Together, our data identify bone as a new target of tungsten toxicity and provide evidence that tungsten deposition in the bone may have an impact on bone health. Similar changes in MSC differentiation induced by lead and rosiglitazone correlate with significantly decreased bone mineral density and bone strength indicative of osteoporosis (Beier et al., 2013; Lazarenko et al., 2007). Furthermore, bone marrow-resident MSCs contribute to more than just bone integrity, but also regulate hematopoiesis.
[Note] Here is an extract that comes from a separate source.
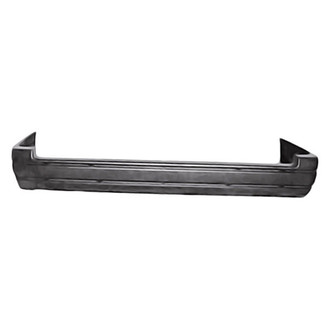 Replacement - Rear Bumper Cover (Standard Line)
Adipocyte-rich bone marrow suppresses hematopoiesis, whereas osteoblasts supporting hematopoiesis (Calvi et al., 2003; Naveiras et al., 2009). One could hypothesize that altering the balance of MSC differentiation in the bone to promote adipogenesis would have a negative impact on hematopoietic development and potentially, immune responses. Interestingly, mice exposed to tungsten exhibit altered B lymphocyte differentiation (Kelly et al., 2013), increased Gr1+ myeloid-derived suppressor cells in response to tumor (Bolt et al., 2015), and an altered anti-viral immune response (Fastje et al., 2012). Thus, tungsten may have effects on more than just bone, further justifying it’s placement on the National Toxicology Program Priority Substance List (NTP, 2002).
This study was supported by grants from the Canadian Institutes of Health Research (MOP-137149 and MOP-142227 to K.K. Mann and F. Mwale) and the Superfund Research Program (P42ES007381 to J. J. Schlezinger). A. Bolt was a postdoctoral fellow with the Cole Foundation from July 2013 to 2015.